Щедрая полночь разбрызгала золото.
Звезды — медовыми сотами...
Прыгай с откоса беспечно и молодо.
Наши падения грезят высотами.
Мир раскрывается в ответ открытой душе поэта — поет всеми красками и голосами. Образы ее яркие, поэтические движения — естественные и неожиданные: «В звездном отблеске под ногами //В эту ночь каждый камень — синь!... //Разойдусь по воде кругами //И, как в вечность, нырну в полынь». Естественно, в книге много стихов о любви, таких же открытых, молодых и безоглядных: «Несмелая, иду под вздох черемух, //Себя на «до» и «после» не деля. //Мой самый точный, самый важный промах — //Жить начинаю набело, с нуля». Но при всей обезоруживающей молодой открытости меня в стихах Карины Сейдаметовой привлекает именно то, что она — поэт, безусловно, серьезный. Сказывается это не только в серьезной кропотливой работе над словом — каждая строка у нее несет важную эмоциональную, образную и смысловую нагрузку. Карина Сейдаметова — человек видящий, зоркий, думающий, примечающий. Поэтому лирика ее, не претендуя на звание философской и оставаясь безоглядно живой, совершенно естественно наполняется поиском смысла в повседневном, живой верой, зорко подмеченными оттенками чувств и движений души: «И если Бог — любовь, и Слово — высь. //Развей обманов прежние дымы! //Здесь травы и соцветия срослись //В стране равнин и ливней — словно… мы».

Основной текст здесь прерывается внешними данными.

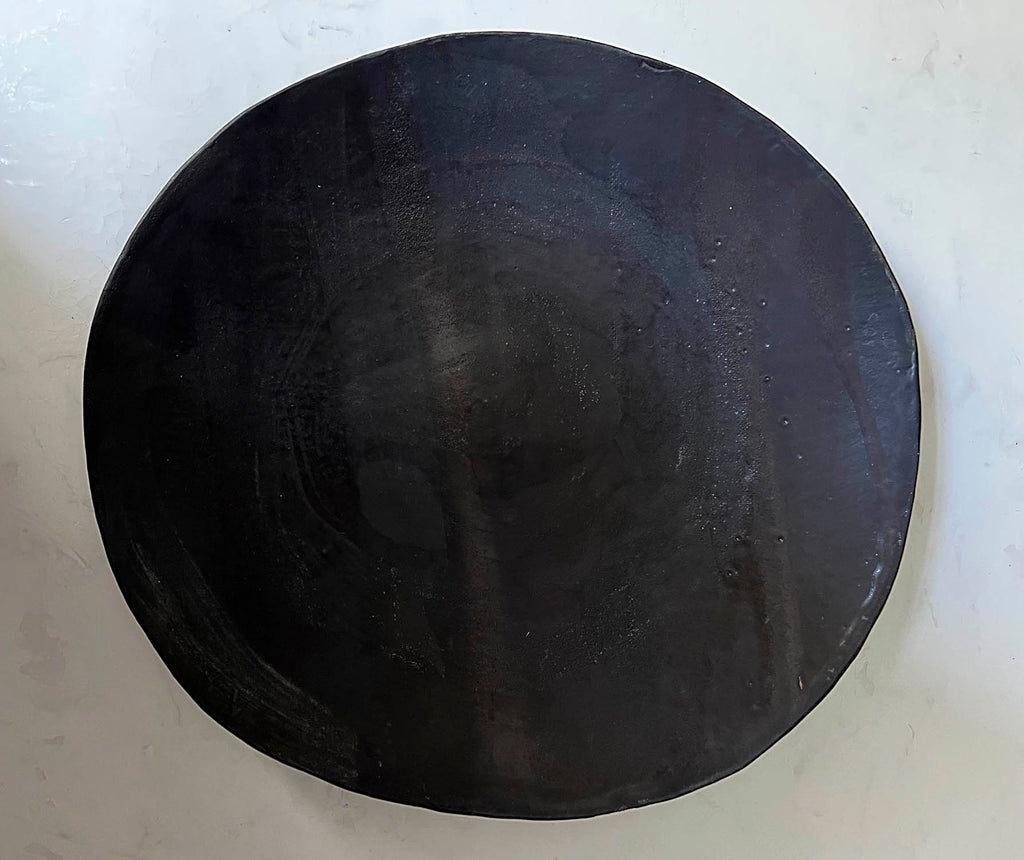 Heather Waugh Pitts artwork 'Black Porcelain Series, 13" Plate' at Gallery78 Fredericton, New Brunswick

Карина Сейдаметова — поэт хорошего вкуса. В ней есть молодое движение души — но нет молодого незрелого смысла. Это спокойный и глубокий собеседник, стихи которого можно читать и перечитывать в первую очередь потому, что любовь, внутренняя тишина и постоянный поиск сути никогда не приносятся в жертву излишней яркости и броскости. Хочу закончить рецензию на книгу Сейдаметовой строками одного из лучших ее стихотворений о молодом лесном подросте: «Он скоро в полный голос, в полный рост //Так крону распрямит и запоет, //Могучим лесом вызревший подрост… //Напрасно мир не брал его в расчет!..» Очевидно, что К. Сейдаметова дерзнула вступить в диалог и написать поэтический отклик на два шедевра русской лирики — стихотворение Е.А. Баратынского «На посев леса»: «И пусть! Простяся с лирою моей, //Я верую: ее заменят эти //Поэзии таинственных скорбей //Могучие и сумрачные дети», и стихотворение А.С. Пушкина «…Вновь я посетил»: «Здравствуй, племя //Младое, незнакомое!// Не я увижу твой могучий поздний возраст, //Когда перерастешь моих знакомцев //И старую главу их заслонишь…» И если с сомневающимся в нужности собственной поэтической лиры Баратынским, называющим идущие ему на смену новые племена «пустоцветным колосом», безоглядно влюбленная в поэзию и устремленная в будущее Карина Сейдаметова согласиться не может, в ответ на приветствие Пушкина лира представительницы «племени младого, незнакомого» и взметнувшегося ввысь буйными кронами вчерашнего «поэтического подроста» откликается торжественными, радостными и дерзновенными нотами:
И музыкой, и мукой осиян,
Он «щит и меч»: цвети, шуми и пой!..
И превращай поэзию славян
В неукротимость поросли младой.
После этих строчек не хочется говорить лишних слов — все главное написано, и написано — великолепно. Остается сказать — да будет так!